Dejado atrás el grupo de gitanas visionarias y antes de entrar a ver la Capilla
Real, nos dimos una vuelta por los alrededores de la misma, y entramos antes a
la Madraza de Granada, que en su día fue la primera universidad que tuvo la
ciudad, fundada en 1349 por los gobernantes del que fue Reino Nazarí.
Posteriormente ya sí nos dirigimos hasta la entrada a la Capilla Real para, al menos
yo, rendir homenaje y respeto de los Reyes Católicos allí enterrados.
Capilla Real |
La Capilla Real de
Granada en un construcción religiosa de estilo gótico que alberga los restos
mortales de los Reyes Católicos, Isabel y Fernando, y parte de sus hijos entre
ellos los también reyes Juana “La Loca” y Felipe “El Hermoso”. El edificio data
de principios del siglo XVI, concretamente de 1505, año en que comenzó su
construcción que finalizaría en 1517, y es una impresionante construcción
gótica, con un exterior profusamente decorado de manera muy elegante y con una
potencia visual digna de las construcciones góticas más famosas del mundo,
aunque se realizara en el último periodo de este estilo en España.
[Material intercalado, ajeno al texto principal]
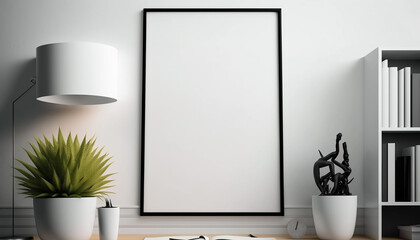 White poster on a wall with blank frame mockup. Generative AI.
La capilla
es de planta de cruz latina y se accede a la misma por una especie de atrio de
entrada formado por diferentes arcos minuciosamente tallados en piedra, en el
interior de dicho atrio se encuentra un gran escudo real con las armas de los
Reyes Católicos y el Águila de San Juan. En ese atrio es donde compramos las entradas
para la visita a la capilla. Una vez dentro de la capilla propiamente dicha la
vista se dirige automáticamente hacia el techo, como suele pasar con casi todas
las construcciones góticas, para poder admirar con detenimiento y contemplar
las magníficas bóvedas nervadas tan típicas de este estilo. Lo que más me
impresionó del interior de la Capilla Real fue su blancura, la luminosidad que
tenía, el brillo que lanzaban sus paredes. En el centro de la capilla, justo,
en la parte más preeminente de la misma se alzaban dos grandes sarcófagos de
mármol blanco con las efigies de los Reyes Católicos, Isabel y Fernando a la
izquierda, y la reina Juana y su marido Felipe a la derecha, justo al lado de
sus padres. Los sarcófagos están rodeados por una también hermosísima verja de
hierro forjado. Todo el conjunto la verdad era de una fuerza increíble, se
sentía el peso de la historia allí dentro, contemplando los mausoleos de los
primeros reyes de la España unida bajo una misma denominación. Miguel y yo nos
quedamos algo más retrasados admirando tanto los sepulcros de mármol como el
entorno de la capilla, sus bóvedas, sus puertas laterales, sus altares, todo.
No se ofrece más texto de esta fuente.